You can test it using the following class:
using System; using Antlr.Runtime; using Antlr.Runtime.Tree; using Antlr.StringTemplate; namespace Demo.Antlr { class MainClass { public static void Preorder(ITree Tree, int Depth) { if(Tree == null) { return; } for (int i = 0; i < Depth; i++) { Console.Write(" "); } Console.WriteLine(Tree); Preorder(Tree.GetChild(0), Depth + 1); Preorder(Tree.GetChild(1), Depth + 1); } public static void Main (string[] args) { ANTLRStringStream Input = new ANTLRStringStream("(12.5 + 56 / -7) * 0.5"); ExpressionLexer Lexer = new ExpressionLexer(Input); CommonTokenStream Tokens = new CommonTokenStream(Lexer); ExpressionParser Parser = new ExpressionParser(Tokens); ExpressionParser.parse_return ParseReturn = Parser.parse(); CommonTree Tree = (CommonTree)ParseReturn.Tree; Preorder(Tree, 0); } } }
which produces the following output:
ROOT
*
+
12.5
/
56
UNARY_MIN
7
0.5
which corresponds to the following AST:

(chart created using graph.gafol.net )
Please note that ANTLR 3.3 has just been released, and CSharp's goal is "in beta." This is why I used ANTLR 3.2 in my example.

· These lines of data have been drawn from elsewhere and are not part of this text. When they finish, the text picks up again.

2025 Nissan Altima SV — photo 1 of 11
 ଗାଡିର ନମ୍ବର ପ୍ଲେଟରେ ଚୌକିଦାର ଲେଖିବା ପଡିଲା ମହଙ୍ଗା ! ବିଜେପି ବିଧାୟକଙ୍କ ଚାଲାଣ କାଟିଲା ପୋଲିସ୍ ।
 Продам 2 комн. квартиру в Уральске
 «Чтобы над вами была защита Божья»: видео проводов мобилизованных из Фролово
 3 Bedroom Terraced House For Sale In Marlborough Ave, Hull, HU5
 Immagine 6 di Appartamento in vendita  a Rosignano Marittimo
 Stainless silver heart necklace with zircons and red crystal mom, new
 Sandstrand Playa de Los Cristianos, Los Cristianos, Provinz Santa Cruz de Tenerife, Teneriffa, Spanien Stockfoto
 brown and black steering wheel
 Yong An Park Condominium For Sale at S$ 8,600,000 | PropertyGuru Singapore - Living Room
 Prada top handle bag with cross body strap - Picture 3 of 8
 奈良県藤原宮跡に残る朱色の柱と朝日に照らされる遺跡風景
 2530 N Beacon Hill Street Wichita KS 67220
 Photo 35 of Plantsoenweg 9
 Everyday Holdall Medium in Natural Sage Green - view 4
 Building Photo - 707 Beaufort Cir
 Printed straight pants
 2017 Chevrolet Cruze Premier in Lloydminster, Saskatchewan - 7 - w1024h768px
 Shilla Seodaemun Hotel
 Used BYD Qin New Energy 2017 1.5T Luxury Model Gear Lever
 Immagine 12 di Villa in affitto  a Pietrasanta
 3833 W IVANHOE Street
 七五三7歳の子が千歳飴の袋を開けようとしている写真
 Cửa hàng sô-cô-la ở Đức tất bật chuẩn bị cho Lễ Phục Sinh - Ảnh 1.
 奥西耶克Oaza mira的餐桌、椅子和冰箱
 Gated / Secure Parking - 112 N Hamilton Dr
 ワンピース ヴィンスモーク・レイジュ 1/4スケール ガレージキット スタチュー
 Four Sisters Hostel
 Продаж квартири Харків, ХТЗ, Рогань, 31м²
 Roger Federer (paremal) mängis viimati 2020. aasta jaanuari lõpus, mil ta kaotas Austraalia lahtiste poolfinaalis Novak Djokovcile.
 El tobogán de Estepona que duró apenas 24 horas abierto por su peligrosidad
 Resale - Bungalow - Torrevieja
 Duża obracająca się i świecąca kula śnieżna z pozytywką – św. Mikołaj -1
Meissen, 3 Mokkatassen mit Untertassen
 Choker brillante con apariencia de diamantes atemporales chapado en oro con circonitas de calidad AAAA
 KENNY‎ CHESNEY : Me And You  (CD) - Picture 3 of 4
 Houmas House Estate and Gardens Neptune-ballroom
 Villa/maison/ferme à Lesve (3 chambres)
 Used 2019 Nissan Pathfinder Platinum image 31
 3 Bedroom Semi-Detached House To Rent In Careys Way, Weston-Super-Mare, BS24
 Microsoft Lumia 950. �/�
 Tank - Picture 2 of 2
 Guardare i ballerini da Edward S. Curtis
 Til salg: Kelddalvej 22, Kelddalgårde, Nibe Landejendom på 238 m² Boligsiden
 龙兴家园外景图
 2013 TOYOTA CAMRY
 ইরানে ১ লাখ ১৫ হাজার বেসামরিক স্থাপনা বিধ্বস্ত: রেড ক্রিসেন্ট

In the case of fairly simple languages (for example, my example above), you can also evaluate the result "on the fly" without creating an AST. You can do this by inserting regular C # code into your grammar file and letting the parser rules return a specific value.
Here is an example:
grammar Expression; options { language=CSharp2; } @parser::namespace { Demo.Antlr } @lexer::namespace { Demo.Antlr } parse returns [double value] : exp EOF {$value = $exp.value;} ; exp returns [double value] : addExp {$value = $addExp.value;} ; addExp returns [double value] : a=mulExp {$value = $a.value;} ( '+' b=mulExp {$value += $b.value;} | '-' b=mulExp {$value -= $b.value;} )* ; mulExp returns [double value] : a=unaryExp {$value = $a.value;} ( '*' b=unaryExp {$value *= $b.value;} | '/' b=unaryExp {$value /= $b.value;} )* ; unaryExp returns [double value] : '-' atom {$value = -1.0 * $atom.value;} | atom {$value = $atom.value;} ; atom returns [double value] : Number {$value = Double.Parse($Number.Text, CultureInfo.InvariantCulture);} | '(' exp ')' {$value = $exp.value;} ; Number : ('0'..'9')+ ('.' ('0'..'9')+)? ; Space : (' ' | '\t' | '\r' | '\n'){Skip();} ;
which can be tested using the class:
using System; using Antlr.Runtime; using Antlr.Runtime.Tree; using Antlr.StringTemplate; namespace Demo.Antlr { class MainClass { public static void Main (string[] args) { string expression = "(12.5 + 56 / -7) * 0.5"; ANTLRStringStream Input = new ANTLRStringStream(expression); ExpressionLexer Lexer = new ExpressionLexer(Input); CommonTokenStream Tokens = new CommonTokenStream(Lexer); ExpressionParser Parser = new ExpressionParser(Tokens); Console.WriteLine(expression + " = " + Parser.parse()); } } }
and outputs the following result:
(12.5 + 56 / -7) * 0.5 = 2.25
EDIT
In the comments, Ralph wrote:
Tip for those using Visual Studio: you can put something like java -cp "$(ProjectDir)antlr-3.2.jar" org.antlr.Tool "$(ProjectDir)Expression.g" in pre-build events, then you can just change your grammar and run the project without worrying about restoring lexer / parser.